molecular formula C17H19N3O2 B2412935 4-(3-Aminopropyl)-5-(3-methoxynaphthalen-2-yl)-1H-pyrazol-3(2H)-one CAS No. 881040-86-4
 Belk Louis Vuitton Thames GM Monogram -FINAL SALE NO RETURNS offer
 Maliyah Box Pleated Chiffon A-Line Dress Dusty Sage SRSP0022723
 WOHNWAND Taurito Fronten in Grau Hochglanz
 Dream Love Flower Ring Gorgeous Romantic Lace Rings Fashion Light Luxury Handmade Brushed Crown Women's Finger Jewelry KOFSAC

◆ ◆ ◆

Requirement
From the line containing "WOHNWAND Taurito Fronten in Grau Hochglanz" down to the last line of the material, each line is to be retyped exactly; no other lines belong in the answer.

Finished exercise
 WOHNWAND Taurito Fronten in Grau Hochglanz
 Dream Love Flower Ring Gorgeous Romantic Lace Rings Fashion Light Luxury Handmade Brushed Crown Women's Finger Jewelry KOFSAC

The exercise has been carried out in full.